The Carignan grape is not hugely popular in North America, so may be unfamiliar to regular readers. The history of the grape has been lost to the wine-soaked mists of time, but ampelographers speculate that the grape originated in what is now modern-day Spain, and spread to France and Italy sometime in the 9th century BCE, nearly three millennia ago.
Carignan plantings in its native Spain were eventually overtaken by the twin juggernauts of Garnacha and Tempranillo, with the majority of the acres of Carignan under vine now in France. Indeed, up until the 1970s, Carignan was the most commonly planted red grape in France, with half a million acres under vine. Plantings have decreased quickly since then, and were overtaken by Merlot by the turn of the century.
A vigorous and highly productive vine, Carignan is often found today as a blending grape, used to inexpensively bulk up Grenache and Merlot, or provide balance to other blended varietals.
The grape is a sun worshipper, so does best in hot climates, and thrives particularly well in the Languedoc region of France, as well as the Mediterranean island of Sardinia.
In centuries past, the high tolerance for heat made Carignan a popular choice for planting in the former French colonies of Morocco and Algeria, slaking the tongues of the thirsty troops of the French Legionnaires during those days of empire and conquest.
In the new world, Carignan was very popular for making cheap jug wines in California in the 1970s, but plantings have been in a slow decline since the last days of disco.
Carignan vines are naturally very vigourous, and left to their own devices, will produce huge quantities of low quality grapes, which contributed to the varietal falling out of fashion in the 1970s. Clever vintners now understand how to aggressively prune the vines to reduce the yield, resulting in a smaller grape harvest by volume, but a much higher quality wine.
A single bottle varietal of Carignan will be a medium bodied red with low tannins, so is typically consumed within a few years of bottling, and not left to age for extended periods.
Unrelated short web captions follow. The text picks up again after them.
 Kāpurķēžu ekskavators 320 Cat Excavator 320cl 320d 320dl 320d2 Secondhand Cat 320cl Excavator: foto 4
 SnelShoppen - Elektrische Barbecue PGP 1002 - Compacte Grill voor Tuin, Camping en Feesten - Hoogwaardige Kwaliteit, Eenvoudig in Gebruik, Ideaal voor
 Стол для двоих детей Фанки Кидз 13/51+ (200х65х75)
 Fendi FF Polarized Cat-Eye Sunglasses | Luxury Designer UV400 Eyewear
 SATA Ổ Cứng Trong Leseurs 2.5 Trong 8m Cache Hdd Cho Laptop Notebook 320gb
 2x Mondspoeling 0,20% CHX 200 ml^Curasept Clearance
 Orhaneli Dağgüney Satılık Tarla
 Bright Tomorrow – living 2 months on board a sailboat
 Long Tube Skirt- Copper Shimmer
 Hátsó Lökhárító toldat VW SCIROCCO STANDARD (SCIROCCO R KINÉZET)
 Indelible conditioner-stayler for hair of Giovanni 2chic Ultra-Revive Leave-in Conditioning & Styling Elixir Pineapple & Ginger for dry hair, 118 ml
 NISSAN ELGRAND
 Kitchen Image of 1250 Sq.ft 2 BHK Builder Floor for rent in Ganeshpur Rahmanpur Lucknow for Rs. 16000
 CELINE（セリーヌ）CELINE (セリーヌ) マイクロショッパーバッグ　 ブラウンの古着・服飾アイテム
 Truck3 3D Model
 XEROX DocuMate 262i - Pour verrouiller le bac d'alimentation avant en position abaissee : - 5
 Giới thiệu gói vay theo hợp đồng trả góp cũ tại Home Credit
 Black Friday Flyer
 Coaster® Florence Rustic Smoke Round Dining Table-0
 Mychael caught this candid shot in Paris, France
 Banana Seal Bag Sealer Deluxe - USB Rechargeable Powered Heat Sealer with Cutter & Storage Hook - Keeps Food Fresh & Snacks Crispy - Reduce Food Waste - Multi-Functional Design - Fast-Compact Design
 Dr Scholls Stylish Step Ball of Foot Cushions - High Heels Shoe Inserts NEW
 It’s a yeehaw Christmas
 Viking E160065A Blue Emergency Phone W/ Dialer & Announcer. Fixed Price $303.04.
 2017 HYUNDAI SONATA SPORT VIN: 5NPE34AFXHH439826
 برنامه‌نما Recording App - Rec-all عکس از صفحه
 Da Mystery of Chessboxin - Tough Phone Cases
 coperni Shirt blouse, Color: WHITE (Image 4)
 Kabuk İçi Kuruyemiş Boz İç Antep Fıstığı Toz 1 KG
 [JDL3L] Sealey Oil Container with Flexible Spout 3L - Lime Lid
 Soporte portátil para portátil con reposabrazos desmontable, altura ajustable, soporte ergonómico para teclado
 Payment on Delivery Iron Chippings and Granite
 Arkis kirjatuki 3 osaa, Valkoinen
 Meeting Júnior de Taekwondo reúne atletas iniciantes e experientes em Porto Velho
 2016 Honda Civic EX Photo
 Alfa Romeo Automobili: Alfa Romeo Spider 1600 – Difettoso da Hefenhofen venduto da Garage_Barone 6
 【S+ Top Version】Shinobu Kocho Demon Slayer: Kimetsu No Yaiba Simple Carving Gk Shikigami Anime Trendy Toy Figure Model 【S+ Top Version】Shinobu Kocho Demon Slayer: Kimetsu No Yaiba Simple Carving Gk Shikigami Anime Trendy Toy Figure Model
Expect plenty of red fruits such as raspberry on the palate, with hints of anise and cinnamon on the nose. The low tannins make it easy to pair with poultry dishes, and the aromatic cinnamon notes help enhance the spices in the food pairing.
I still had some leftovers from Thanksgiving, so I heated up the last of the turkey and all its fixings in the oven, then enjoyed with the freshly uncorked Carignan. Red wines can be challenging to pair with turkey, but the low tannins avoided the bitter tang that sometimes follows a bolder red like Cab Sauv, and complemented the cranberry sauce drizzled on the roast turkey, as well as the spicier finish of the stuffing. The cinnamon notes enhanced the aromatics on that one last slice of pumpkin pie, so the Carignan was a hit from start to finish of the meal.
In addition to single varietal bottlings, Carignan is often used as a blending component in GSM (Grenache, Syrah, Mourvèdre) wines, whose historical home is the Côtes du Rhône wine region of France.
There are a few dozen options here in Alberta for Carignan wines, mostly of French origin, but selections from Chile and California can be found as well in the $20-$30 price range, so these can be daily drinkers that you do not have to save for a special occasion. Ask your friendly neighbourhood booze merchant to point you in the right direction, or check www.liquorconnect.com from your smartphone to find a bottle near you.